_Activity_: Below this line is a set of entries; quote exactly the lines from the line that contains "Pre-Rolled Mini Size" to the line that contains "DweIke Washable Area", both lines included.

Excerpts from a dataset
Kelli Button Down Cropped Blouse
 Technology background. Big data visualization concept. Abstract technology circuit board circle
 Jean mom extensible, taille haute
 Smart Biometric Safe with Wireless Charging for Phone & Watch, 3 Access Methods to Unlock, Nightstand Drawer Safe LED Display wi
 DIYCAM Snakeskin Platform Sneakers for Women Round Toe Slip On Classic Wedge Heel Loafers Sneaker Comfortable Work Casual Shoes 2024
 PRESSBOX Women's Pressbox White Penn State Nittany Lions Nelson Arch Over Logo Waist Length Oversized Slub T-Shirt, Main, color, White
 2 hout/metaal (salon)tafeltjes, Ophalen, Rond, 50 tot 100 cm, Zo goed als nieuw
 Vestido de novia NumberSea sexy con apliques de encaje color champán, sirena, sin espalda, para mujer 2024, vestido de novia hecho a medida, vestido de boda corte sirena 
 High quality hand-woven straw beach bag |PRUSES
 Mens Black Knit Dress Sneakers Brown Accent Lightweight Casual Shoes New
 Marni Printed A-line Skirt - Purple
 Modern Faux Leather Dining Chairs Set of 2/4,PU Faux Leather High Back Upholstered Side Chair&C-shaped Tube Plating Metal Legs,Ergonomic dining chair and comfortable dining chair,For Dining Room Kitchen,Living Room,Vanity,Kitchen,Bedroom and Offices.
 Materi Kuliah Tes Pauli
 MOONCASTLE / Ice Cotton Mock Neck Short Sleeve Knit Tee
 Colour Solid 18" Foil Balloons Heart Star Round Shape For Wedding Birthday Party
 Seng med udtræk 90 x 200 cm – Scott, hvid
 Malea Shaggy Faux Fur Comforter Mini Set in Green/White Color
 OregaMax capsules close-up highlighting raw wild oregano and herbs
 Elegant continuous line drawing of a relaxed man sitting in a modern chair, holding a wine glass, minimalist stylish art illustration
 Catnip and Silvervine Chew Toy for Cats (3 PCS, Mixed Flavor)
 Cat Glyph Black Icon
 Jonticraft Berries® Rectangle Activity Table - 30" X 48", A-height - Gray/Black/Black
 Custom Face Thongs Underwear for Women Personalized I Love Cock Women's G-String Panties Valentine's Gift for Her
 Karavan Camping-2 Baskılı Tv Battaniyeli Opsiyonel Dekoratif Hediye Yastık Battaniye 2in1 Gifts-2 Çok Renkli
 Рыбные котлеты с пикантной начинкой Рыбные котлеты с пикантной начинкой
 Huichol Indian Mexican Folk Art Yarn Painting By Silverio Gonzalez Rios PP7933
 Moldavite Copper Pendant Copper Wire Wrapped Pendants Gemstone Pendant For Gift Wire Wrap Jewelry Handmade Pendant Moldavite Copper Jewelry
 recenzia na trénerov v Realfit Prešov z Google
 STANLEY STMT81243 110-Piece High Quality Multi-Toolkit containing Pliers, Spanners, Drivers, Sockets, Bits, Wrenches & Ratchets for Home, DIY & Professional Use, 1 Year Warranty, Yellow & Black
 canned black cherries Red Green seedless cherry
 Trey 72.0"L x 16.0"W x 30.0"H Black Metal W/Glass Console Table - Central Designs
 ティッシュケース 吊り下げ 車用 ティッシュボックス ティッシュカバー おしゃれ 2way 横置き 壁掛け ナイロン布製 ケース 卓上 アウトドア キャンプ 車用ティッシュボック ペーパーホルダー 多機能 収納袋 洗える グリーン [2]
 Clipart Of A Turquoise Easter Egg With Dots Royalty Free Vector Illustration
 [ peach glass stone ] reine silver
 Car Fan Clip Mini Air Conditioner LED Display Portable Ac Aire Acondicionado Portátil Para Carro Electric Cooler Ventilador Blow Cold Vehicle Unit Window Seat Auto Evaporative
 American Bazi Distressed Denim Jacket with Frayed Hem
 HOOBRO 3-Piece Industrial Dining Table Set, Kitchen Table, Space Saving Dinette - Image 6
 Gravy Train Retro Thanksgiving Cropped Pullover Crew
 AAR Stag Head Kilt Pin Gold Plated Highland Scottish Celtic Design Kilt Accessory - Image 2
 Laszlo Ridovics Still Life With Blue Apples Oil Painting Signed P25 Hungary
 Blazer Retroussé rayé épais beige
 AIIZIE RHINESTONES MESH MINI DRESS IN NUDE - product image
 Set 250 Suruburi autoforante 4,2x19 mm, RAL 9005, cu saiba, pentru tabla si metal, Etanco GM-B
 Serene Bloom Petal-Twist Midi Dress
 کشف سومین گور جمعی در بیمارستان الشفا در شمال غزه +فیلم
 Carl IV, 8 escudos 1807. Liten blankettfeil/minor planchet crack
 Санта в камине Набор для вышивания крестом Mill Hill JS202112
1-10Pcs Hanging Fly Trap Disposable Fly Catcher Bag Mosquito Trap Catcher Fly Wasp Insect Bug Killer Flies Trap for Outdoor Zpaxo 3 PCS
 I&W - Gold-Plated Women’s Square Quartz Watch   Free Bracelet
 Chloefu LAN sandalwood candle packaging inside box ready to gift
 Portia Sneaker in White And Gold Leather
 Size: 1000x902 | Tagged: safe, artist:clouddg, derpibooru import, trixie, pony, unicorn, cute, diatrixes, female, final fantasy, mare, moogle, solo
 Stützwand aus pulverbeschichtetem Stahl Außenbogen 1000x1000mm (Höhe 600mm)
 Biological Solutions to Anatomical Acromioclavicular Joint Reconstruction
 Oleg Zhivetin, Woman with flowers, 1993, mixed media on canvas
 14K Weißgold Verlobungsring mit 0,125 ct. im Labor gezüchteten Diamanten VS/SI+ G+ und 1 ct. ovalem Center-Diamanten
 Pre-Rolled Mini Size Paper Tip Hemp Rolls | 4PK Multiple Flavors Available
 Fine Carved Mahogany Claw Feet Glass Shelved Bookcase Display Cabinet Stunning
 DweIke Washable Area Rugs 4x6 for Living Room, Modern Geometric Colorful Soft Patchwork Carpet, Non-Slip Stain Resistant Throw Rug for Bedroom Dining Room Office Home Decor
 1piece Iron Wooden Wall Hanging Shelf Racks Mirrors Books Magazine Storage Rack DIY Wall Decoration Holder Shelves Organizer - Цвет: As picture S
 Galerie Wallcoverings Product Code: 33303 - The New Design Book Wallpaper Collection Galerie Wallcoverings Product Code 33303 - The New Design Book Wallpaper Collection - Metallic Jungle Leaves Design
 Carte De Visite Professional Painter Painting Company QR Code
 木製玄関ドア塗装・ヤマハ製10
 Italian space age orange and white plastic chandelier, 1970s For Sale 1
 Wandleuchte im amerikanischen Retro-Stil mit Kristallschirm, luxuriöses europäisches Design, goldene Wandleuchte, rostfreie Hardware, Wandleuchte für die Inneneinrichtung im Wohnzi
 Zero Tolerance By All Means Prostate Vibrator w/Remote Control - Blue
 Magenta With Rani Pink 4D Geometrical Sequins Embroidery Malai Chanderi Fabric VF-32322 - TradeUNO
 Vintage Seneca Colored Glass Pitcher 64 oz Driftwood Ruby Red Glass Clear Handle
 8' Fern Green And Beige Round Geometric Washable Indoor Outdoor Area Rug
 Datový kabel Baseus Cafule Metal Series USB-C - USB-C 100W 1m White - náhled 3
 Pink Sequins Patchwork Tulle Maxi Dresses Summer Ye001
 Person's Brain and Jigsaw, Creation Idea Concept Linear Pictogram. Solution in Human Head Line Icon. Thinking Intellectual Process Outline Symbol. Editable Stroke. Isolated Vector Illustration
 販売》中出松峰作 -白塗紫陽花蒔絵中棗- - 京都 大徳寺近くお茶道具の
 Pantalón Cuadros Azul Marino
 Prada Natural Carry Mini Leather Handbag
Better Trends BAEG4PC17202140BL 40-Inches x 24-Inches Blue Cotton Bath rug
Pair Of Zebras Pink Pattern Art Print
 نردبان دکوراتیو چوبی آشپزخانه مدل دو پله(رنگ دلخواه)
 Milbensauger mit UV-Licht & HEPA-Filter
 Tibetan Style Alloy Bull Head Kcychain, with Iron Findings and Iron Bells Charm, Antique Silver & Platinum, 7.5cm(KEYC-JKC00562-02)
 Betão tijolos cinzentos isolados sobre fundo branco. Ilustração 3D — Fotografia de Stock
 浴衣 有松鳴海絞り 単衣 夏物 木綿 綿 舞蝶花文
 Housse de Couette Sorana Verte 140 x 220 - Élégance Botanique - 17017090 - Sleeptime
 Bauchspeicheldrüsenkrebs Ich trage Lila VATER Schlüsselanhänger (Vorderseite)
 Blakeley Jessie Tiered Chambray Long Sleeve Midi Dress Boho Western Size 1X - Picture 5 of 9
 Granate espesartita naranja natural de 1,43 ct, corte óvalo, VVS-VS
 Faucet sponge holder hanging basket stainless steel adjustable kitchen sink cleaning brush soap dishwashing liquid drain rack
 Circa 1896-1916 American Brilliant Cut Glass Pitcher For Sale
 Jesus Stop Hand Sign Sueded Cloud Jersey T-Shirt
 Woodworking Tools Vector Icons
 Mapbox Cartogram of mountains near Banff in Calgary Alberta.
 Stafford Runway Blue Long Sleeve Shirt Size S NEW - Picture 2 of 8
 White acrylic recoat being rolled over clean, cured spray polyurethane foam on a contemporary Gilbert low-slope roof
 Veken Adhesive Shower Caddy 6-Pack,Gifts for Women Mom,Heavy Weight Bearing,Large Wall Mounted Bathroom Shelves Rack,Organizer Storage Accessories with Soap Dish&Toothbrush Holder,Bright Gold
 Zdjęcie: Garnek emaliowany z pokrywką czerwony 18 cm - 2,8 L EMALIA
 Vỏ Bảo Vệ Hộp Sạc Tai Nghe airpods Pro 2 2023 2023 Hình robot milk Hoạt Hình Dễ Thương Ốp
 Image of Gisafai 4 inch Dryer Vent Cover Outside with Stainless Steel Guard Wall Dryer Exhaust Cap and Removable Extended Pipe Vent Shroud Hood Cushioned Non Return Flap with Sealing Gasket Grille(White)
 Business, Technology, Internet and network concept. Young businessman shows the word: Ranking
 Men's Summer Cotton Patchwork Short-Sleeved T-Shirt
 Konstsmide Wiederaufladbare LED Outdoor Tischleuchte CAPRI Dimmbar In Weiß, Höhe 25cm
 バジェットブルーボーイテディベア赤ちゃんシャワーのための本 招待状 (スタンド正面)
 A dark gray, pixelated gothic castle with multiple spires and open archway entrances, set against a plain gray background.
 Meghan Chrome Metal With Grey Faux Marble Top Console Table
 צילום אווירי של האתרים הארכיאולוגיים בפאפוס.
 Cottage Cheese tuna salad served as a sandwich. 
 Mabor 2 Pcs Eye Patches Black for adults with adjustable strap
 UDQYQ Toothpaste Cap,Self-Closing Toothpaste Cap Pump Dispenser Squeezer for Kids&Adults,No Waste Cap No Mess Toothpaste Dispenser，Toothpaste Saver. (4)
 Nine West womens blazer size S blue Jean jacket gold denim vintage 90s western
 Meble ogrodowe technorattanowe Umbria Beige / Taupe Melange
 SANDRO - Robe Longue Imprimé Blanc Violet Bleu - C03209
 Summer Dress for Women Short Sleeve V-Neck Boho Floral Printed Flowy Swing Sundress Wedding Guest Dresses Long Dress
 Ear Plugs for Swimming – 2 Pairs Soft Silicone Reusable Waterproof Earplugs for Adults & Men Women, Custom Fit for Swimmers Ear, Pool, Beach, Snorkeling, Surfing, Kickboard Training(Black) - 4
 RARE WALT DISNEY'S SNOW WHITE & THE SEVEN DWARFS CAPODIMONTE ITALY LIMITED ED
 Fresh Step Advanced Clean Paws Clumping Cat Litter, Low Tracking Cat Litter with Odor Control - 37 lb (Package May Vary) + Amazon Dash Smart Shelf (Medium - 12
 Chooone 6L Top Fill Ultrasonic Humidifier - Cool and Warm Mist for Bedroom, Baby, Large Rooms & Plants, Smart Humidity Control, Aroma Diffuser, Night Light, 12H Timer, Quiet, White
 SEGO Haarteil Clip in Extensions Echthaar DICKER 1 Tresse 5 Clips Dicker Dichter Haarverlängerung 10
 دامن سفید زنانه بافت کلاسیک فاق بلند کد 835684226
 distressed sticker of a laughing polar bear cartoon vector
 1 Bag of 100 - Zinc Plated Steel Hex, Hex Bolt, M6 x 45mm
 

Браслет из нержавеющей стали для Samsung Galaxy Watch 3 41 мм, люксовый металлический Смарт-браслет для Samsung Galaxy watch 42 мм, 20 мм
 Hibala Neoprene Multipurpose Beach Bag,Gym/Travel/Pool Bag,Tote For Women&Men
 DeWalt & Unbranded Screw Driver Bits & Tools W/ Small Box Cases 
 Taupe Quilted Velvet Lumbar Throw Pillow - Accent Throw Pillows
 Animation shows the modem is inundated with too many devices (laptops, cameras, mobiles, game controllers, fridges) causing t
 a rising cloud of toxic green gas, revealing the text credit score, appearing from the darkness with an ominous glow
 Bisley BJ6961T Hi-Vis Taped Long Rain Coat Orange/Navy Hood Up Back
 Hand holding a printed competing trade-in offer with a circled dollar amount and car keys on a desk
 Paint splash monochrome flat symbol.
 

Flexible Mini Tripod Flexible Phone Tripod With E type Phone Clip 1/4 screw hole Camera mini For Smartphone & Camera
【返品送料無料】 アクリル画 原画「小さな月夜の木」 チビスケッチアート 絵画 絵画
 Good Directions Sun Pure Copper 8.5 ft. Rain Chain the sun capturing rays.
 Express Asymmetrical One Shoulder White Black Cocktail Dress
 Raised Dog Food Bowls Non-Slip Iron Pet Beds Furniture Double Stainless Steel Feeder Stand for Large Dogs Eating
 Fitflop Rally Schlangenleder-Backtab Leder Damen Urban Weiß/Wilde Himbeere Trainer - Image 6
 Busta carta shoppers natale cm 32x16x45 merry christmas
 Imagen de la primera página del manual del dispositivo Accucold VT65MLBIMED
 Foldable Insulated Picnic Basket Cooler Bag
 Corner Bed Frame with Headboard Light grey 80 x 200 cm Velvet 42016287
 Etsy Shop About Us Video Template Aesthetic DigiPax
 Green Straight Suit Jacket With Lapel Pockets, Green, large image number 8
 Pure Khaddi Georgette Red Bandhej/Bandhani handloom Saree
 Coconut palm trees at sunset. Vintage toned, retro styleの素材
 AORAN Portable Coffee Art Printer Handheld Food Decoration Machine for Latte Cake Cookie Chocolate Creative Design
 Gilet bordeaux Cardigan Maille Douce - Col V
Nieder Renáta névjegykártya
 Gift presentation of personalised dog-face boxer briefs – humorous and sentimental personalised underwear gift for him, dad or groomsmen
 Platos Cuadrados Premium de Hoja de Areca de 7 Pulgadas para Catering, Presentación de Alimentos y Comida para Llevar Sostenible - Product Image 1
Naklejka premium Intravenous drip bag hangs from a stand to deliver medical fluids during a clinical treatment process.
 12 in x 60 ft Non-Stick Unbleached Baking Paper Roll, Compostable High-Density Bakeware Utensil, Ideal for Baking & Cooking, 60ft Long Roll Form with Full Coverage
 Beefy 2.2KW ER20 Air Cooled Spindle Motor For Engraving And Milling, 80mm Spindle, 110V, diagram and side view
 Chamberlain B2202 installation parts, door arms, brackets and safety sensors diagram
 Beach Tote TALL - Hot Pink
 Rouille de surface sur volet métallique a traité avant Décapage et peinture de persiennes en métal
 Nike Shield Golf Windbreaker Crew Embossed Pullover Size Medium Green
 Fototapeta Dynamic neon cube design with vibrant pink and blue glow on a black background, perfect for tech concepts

_Exercise answer_:
 Pre-Rolled Mini Size Paper Tip Hemp Rolls | 4PK Multiple Flavors Available
 Fine Carved Mahogany Claw Feet Glass Shelved Bookcase Display Cabinet Stunning
 DweIke Washable Area Rugs 4x6 for Living Room, Modern Geometric Colorful Soft Patchwork Carpet, Non-Slip Stain Resistant Throw Rug for Bedroom Dining Room Office Home Decor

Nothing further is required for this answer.